- Abbreviation: PL
- Leader: Jacek Zdrojewski [pl]
- Founded: 5 January 2008
- Split from: Democratic Left Alliance
- Headquarters: Krakowskie Przedmieście, Warsaw
- Ideology: Social democracy Democratic socialism
- Political position: Centre-left to left-wing
- National affiliation: Democratic Left (2022–)
- Colors: Red
- Sejm: 0 / 460
- Senate: 0 / 100
- European Parliament: 0 / 51
- Regional Assemblies: 0 / 555

Website
- www.polskalewica.pl

= Polish Left =

Polish political party

The Polish Left (Polska Lewica) is a centre-left to left-wing political party in Poland.

==History==
The former Prime Minister Leszek Miller announced the formation of the Polish Left on September 20, 2007, because he was not on the list of Left and Democrats. In his announcement, Miller said that the new party would be a "true leftist" alternative to the LiD coalition. In 2007 elections Leszek Miller started from the Self-Defence of the Republic of Poland.

The Polish Left party was formed when the Prime Minister and many other members of parliament withdrew from the Democratic Left Alliance, which Miller had headed for many years. His departure from the DLA also served as a public protest against the policies of party leaders, regarded by the protesters as not liberal enough.

Miller was the leader of the party from 2001 to 2004. Other prominent members are the former Secretary General of the DLA, Marek Dyduch, and former Sejm Member Krzysztof Jagiełło.

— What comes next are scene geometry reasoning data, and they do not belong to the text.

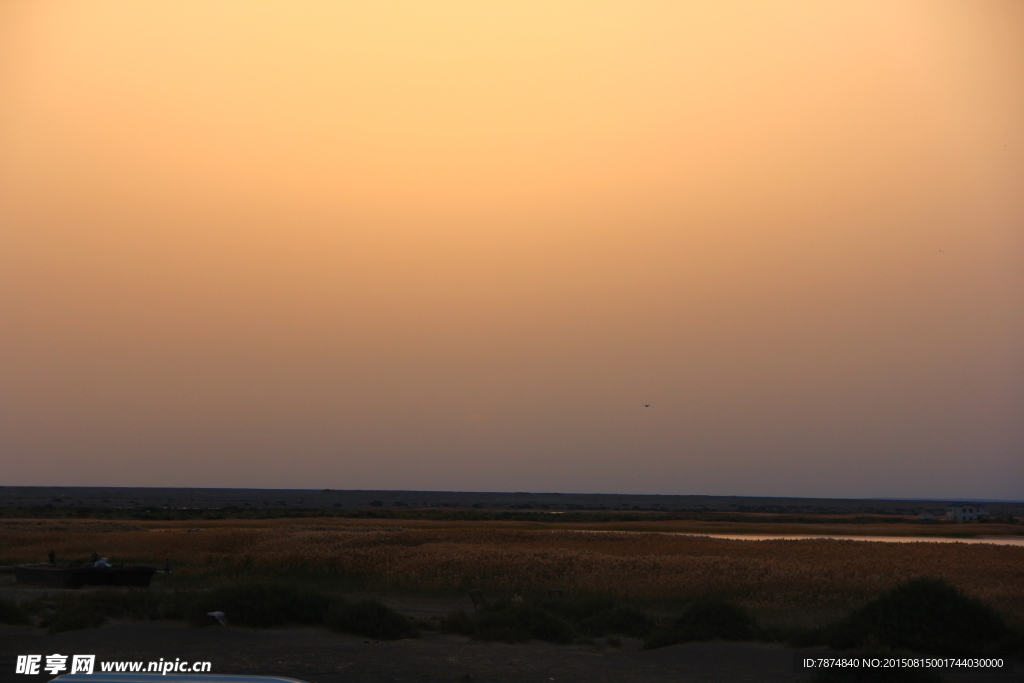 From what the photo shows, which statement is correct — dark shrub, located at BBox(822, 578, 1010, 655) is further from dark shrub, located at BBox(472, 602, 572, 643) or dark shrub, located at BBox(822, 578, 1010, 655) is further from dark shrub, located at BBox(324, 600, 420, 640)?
→ dark shrub, located at BBox(324, 600, 420, 640)

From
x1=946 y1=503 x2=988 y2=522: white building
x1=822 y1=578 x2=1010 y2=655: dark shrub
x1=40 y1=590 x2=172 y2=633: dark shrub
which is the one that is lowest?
x1=946 y1=503 x2=988 y2=522: white building

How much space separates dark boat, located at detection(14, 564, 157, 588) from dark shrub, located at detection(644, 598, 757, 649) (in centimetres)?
1668

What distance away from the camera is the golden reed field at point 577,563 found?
91.4 ft

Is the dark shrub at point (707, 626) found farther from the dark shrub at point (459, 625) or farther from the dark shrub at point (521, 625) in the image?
the dark shrub at point (459, 625)

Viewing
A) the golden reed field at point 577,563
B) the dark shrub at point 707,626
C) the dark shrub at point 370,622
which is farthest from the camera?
the golden reed field at point 577,563

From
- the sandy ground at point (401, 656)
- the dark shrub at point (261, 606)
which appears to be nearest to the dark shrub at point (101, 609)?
the sandy ground at point (401, 656)

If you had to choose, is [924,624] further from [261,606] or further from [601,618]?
[261,606]

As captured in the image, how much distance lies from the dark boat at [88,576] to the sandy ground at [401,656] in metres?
7.54

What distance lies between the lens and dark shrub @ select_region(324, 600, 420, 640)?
19.2 meters

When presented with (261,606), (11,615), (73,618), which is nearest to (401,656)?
(261,606)

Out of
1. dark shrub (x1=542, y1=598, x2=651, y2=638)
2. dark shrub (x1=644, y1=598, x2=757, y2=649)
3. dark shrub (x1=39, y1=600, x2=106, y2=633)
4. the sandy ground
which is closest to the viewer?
the sandy ground

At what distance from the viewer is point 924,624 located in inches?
685

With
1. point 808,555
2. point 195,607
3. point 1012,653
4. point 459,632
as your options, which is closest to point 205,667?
point 195,607

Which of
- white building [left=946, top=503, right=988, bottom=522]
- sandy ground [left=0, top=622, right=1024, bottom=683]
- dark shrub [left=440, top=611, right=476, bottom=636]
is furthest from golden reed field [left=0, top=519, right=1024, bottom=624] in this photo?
white building [left=946, top=503, right=988, bottom=522] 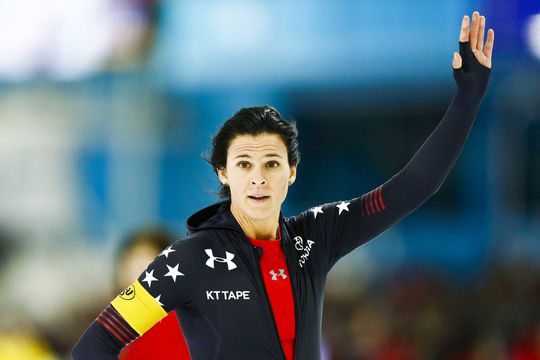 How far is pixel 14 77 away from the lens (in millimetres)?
9625

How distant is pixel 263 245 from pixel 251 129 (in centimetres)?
33

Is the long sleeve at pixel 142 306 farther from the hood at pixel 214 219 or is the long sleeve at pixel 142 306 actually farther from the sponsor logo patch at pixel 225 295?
the hood at pixel 214 219

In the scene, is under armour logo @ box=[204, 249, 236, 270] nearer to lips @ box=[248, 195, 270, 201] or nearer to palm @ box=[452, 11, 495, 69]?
lips @ box=[248, 195, 270, 201]

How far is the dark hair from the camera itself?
2668 millimetres

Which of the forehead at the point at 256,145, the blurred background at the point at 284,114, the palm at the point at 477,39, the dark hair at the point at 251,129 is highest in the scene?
the blurred background at the point at 284,114

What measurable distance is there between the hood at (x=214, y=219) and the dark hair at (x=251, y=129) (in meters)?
0.12

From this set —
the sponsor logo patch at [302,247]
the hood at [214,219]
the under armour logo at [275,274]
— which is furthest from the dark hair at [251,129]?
the under armour logo at [275,274]

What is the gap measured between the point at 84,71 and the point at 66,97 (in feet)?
1.11

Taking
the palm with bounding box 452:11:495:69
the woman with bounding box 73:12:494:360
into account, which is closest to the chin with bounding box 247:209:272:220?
the woman with bounding box 73:12:494:360

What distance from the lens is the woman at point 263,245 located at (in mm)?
2490

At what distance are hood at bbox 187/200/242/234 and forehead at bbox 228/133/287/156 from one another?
0.56 ft

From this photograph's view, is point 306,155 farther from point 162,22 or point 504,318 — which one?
point 504,318

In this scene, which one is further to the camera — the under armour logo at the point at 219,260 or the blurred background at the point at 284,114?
the blurred background at the point at 284,114

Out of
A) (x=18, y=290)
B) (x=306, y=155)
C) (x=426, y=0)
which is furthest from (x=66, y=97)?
(x=426, y=0) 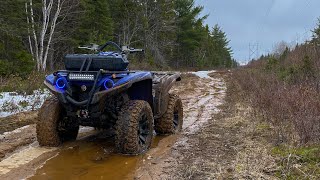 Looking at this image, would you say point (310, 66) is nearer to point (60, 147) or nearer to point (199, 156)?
point (199, 156)

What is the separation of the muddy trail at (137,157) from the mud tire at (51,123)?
5.3 inches

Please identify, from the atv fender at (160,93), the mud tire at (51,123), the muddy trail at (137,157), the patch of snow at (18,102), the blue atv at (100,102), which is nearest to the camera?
the muddy trail at (137,157)

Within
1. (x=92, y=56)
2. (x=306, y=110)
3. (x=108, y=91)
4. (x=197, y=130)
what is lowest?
(x=197, y=130)

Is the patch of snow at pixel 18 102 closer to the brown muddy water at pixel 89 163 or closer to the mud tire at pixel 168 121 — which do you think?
the brown muddy water at pixel 89 163

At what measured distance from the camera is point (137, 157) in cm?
533

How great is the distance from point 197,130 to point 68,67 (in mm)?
2981

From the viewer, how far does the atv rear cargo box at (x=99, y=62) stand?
537cm

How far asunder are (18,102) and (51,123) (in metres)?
4.53

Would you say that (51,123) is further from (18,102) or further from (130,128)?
(18,102)

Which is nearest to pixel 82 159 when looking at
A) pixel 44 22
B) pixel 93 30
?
pixel 44 22

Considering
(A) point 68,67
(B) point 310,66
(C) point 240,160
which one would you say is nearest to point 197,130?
(C) point 240,160

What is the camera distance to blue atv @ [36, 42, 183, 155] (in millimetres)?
5207

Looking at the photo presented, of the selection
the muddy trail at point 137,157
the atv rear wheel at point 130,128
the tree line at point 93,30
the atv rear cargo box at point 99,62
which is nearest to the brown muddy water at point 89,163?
the muddy trail at point 137,157

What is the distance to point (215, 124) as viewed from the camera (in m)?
7.95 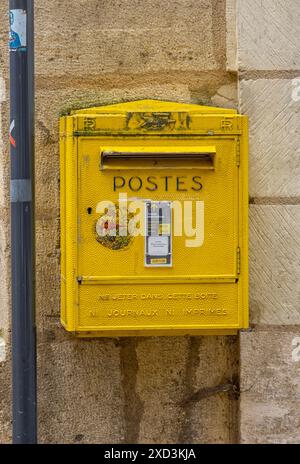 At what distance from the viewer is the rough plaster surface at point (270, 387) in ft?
12.0

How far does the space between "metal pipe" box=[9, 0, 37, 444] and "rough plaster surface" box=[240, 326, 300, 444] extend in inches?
52.2

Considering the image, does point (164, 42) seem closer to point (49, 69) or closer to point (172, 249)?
point (49, 69)

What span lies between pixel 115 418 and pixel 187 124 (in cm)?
164

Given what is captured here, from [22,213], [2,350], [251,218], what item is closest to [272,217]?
[251,218]

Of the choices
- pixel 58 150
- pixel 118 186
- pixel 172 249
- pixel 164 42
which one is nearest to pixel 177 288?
pixel 172 249

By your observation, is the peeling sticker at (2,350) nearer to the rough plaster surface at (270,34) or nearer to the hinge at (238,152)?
the hinge at (238,152)

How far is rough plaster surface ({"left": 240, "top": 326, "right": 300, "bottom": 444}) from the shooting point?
367 cm

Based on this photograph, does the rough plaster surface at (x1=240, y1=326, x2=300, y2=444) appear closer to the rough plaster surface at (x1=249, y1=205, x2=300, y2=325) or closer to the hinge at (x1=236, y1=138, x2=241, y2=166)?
the rough plaster surface at (x1=249, y1=205, x2=300, y2=325)

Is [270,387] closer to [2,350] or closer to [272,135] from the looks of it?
[272,135]

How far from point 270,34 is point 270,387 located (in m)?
1.88

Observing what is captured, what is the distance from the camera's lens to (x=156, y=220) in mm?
3225

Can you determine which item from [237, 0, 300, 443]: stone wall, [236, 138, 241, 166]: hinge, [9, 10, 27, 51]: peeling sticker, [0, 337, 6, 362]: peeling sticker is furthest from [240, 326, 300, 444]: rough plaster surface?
[9, 10, 27, 51]: peeling sticker

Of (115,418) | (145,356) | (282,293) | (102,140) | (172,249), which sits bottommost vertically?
(115,418)

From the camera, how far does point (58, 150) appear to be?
3.71 meters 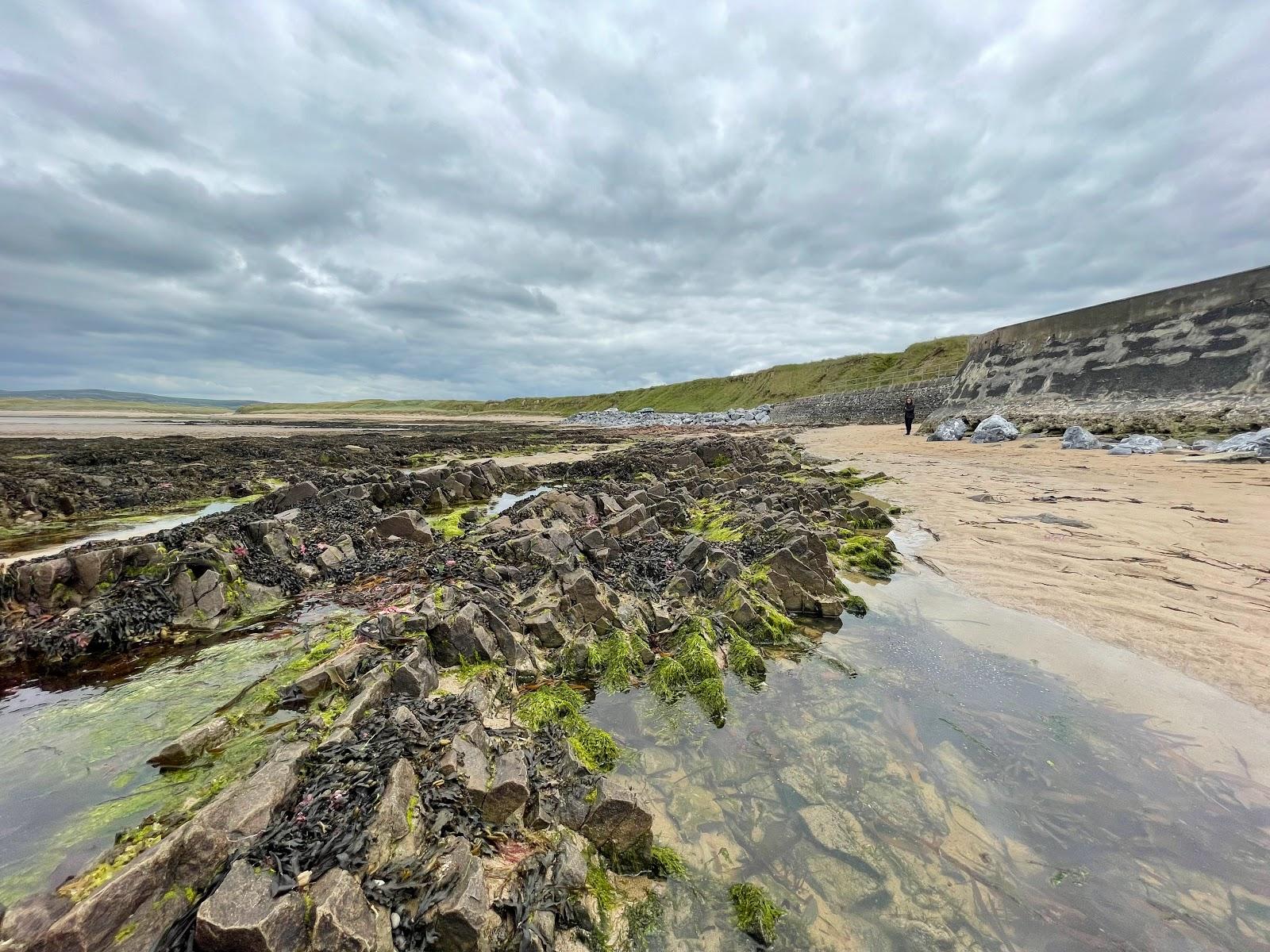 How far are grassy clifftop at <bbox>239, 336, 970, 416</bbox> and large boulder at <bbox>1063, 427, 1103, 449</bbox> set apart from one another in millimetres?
29869

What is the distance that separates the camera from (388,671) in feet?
15.1

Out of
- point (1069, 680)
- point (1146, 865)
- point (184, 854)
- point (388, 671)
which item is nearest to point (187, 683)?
point (388, 671)

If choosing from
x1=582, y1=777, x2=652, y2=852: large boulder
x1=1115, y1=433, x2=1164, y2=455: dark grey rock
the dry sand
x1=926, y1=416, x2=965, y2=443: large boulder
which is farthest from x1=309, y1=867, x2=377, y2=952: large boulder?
x1=926, y1=416, x2=965, y2=443: large boulder

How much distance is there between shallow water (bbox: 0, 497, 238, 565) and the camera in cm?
903

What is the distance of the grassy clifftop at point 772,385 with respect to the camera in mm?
54719

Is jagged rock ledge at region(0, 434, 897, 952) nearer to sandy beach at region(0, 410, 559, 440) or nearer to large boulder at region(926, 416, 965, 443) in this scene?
large boulder at region(926, 416, 965, 443)

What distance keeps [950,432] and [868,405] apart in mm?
23461

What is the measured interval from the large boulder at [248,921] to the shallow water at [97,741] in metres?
1.49

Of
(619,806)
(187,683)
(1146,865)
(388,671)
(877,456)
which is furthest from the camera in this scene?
(877,456)

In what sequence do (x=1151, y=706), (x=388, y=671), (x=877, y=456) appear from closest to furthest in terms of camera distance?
(x=1151, y=706), (x=388, y=671), (x=877, y=456)

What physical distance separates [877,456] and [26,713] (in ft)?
76.3

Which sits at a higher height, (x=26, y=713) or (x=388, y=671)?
(x=388, y=671)

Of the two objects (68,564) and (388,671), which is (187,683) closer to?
(388,671)

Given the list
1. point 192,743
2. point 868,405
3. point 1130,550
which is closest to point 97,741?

Before the 2019 elections, Polish Left got into litigations with Democratic Left Alliance and put up three candidates for senators including Monika Jaruzelska who was criticized by some left-wing politicians for conservatives views. Leszek Miller, current MEP from SLD declared that it is likely to create a new leftist party or coalition in opposition to the SLD and The Left.